Its like putting me in the spotlight. Like, I'm coming out the closet, Admitting I have a disease- a contagious one at that. The disease called being black, a nigger, a slave. I am not a slave but every moment the word it said, I feel like I'm laced in chains form my own emotions and thoughts. Its easy to write the word, but to say it? No matter how soft  or hard, quiet or loud I say it, it still effects me.

I do it anyway and pretend that that it doesn't effect me because I know when its said, they are all watching me (anticipating) and they all have questions that I can not answer right away. Maybe not even ever!

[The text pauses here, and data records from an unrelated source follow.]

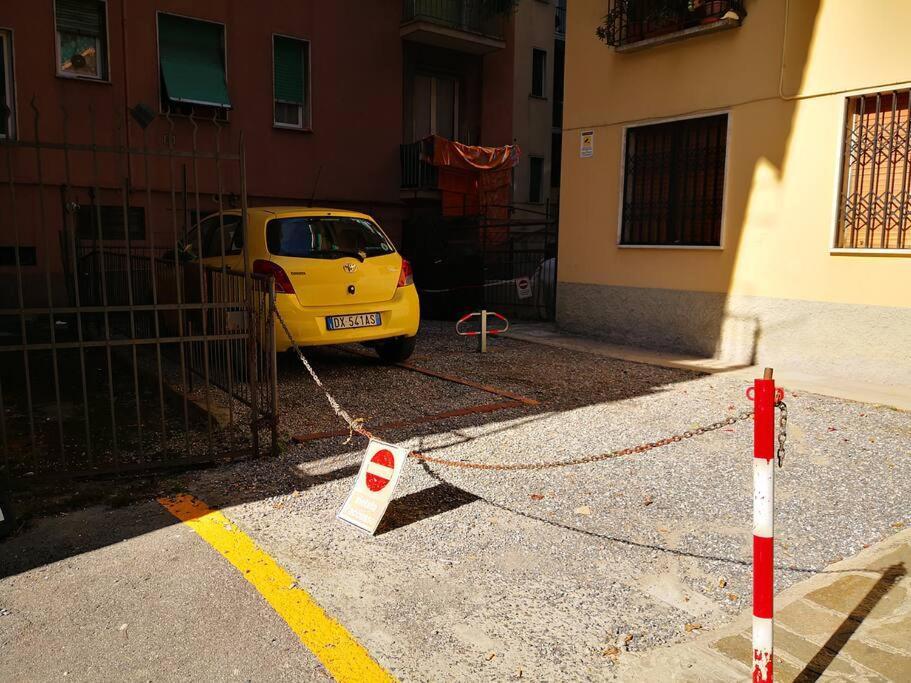 Vacanze A Rapallo Bagian luar foto
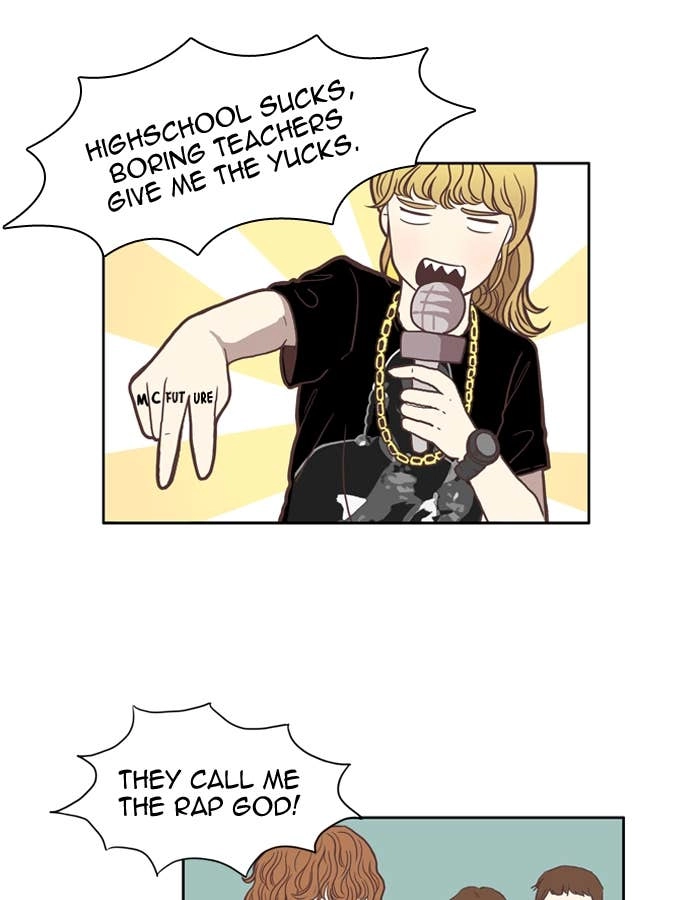 Odd Girl Out Chapter 59 Page 16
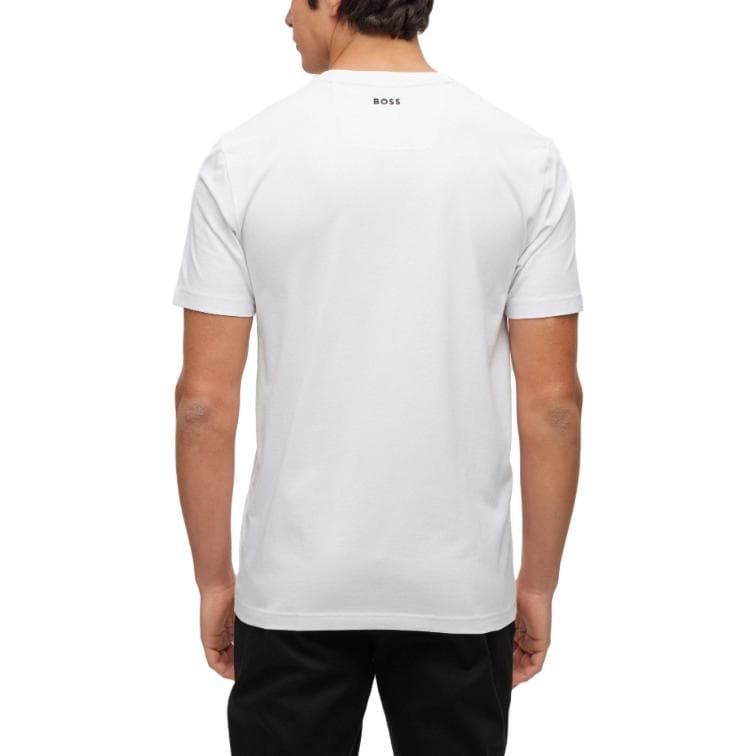Футболка HUGO BOSS SS23 LogoT - изображение 4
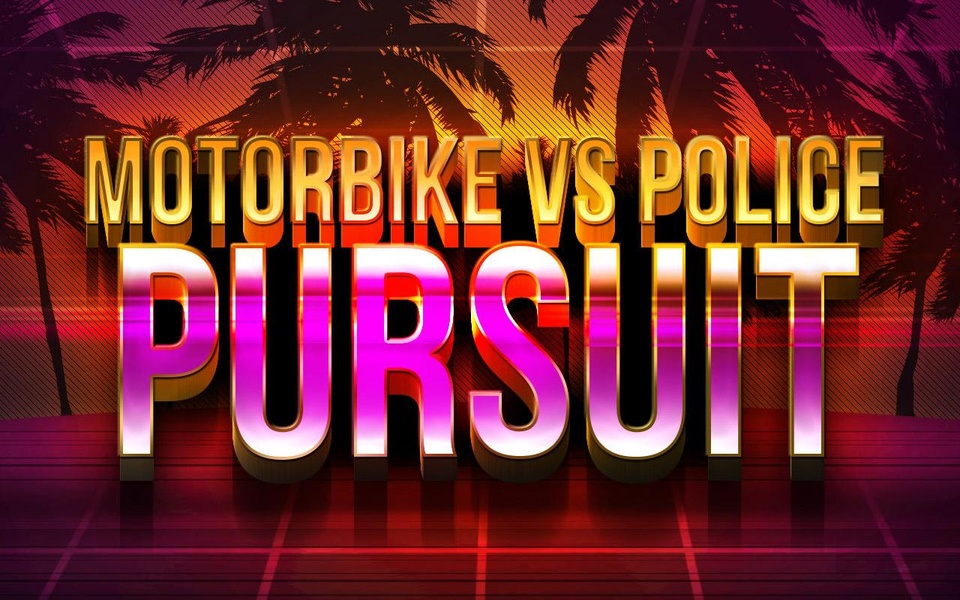 Motorbike Police Pursuit - Preview 6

And its worse when i'm around family. They are hypocrites. Quick to pull the race card and use such words in jokes and insults. I'm not a nigga, only when I'm a nigga. That's how they see it.

"Used rightly or wrongly, ironically or seriously, of necessity for the sake of realism, or impishly for the sake of comedy, it doesn't matter. Negroes do not like it in any book or play whatsoever, be the book or play ever so sympathetic in its treatment of the basic problems of the race. Even though the book or play is written by a Negro, they still do not like it. The word nigger, you see, sums up for us who are colored all the bitter years of insult and struggle in America." - Langston Hughes in The Big Sea (New York: Thunder's Mouth Press, 1940)

And the apple doesn't fall far from the tree. Still. . . The apple has its own seeds to plant and grow. Genetics, but choice. When nigga slips from these lips, they bite the tongue that spoke. Instant regret. I feel Self-disrespect.

And it goes for anyone else who uses it. Everyone I respect will never hear such disgrace come from my mouth. I know the effects of habit and how they influence others. I started cussing in fourth grade because I meet a friend who did it and I regret it to this day. I'm eighteen.

I regret everything I am now but I decided to be apart of the color- coded life of today. There's not much I can do about it either. -Shit is pretty sad, too.

"Racism is far from over, but I'm over racism." - Its not my quote but its my thoughts at this moment.